- Conference: Southern Intercollegiate Athletic Association
- Record: 5–2–1 (2–2–1 SIAA)
- Head coach: Branch Bocock (1st season);
- Captain: Herman De LaPerriere
- Home stadium: Herty Field

= 1908 Georgia Bulldogs football team =

American college football season

The 1908 Georgia Bulldogs football team represented the University of Georgia during the 1908 Southern Intercollegiate Athletic Association football season. The Bulldogs completed the season with a 5–2–1 record. Georgia had victories against Clemson and South Carolina, but lost to one of its main rivals, Auburn. This was the team's first and only season under the guidance of head coach Branch Bocock, although he had coached three games in 1907. One of the players on the 1908 team was quarterback George "Kid" Woodruff. After a successful season, Woodruff traveled abroad in 1909 and returned to the university in 1910 and 1911 and eventually became the head coach of the Bulldogs in 1923.
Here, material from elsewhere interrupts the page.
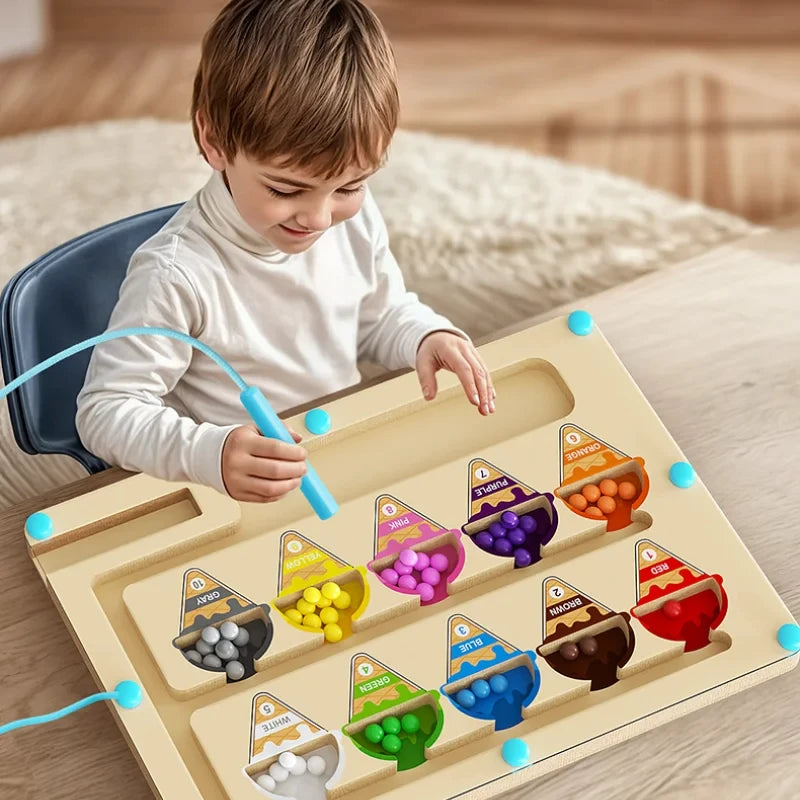 Magnetic Maze Toy with Number Beads – Puzzle & Attention Training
The game against Alabama on November 14 was the 100th game played by the football program since its inception in 1892. Georgia tied Alabama in that game, bringing Georgia's record in the first 100 games to 45–47–8, .490 winning percentage.

==Schedule==

| Date | Opponent | Site | Result | Source |
| October 10 | North Georgia* | Herty Field; Athens, GA; | W 16–0 |  |
| October 17 | South Carolina* | Herty Field; Athens, GA (rivalry); | W 29–6 |  |
| October 24 | at Tennessee | Waite Field; Knoxville, TN (rivalry); | L 0–10 |  |
| October 31 | at Mercer | Central City Park; Macon, GA; | W 10–0 |  |
| November 5 | vs. Clemson | Augusta, GA (rivalry) | W 8–0 |  |
| November 14 | at Alabama | Birmingham Fairgrounds; Birmingham, AL (rivalry); | T 6–6 |  |
| November 21 | Davidson* | Herty Field; Athens, GA; | W 2–0 |  |
| November 26 | Auburn | Montgomery Baseball Park; Montgomery, AL (Deep South's Oldest Rivalry); | L 0–23 |  |
*Non-conference game;

==Sources==
- Reed, Thomas Walter. "Athletics at the University from the Beginning Through 1947"
- "Alabama All-Time Vs Georgia" (2006)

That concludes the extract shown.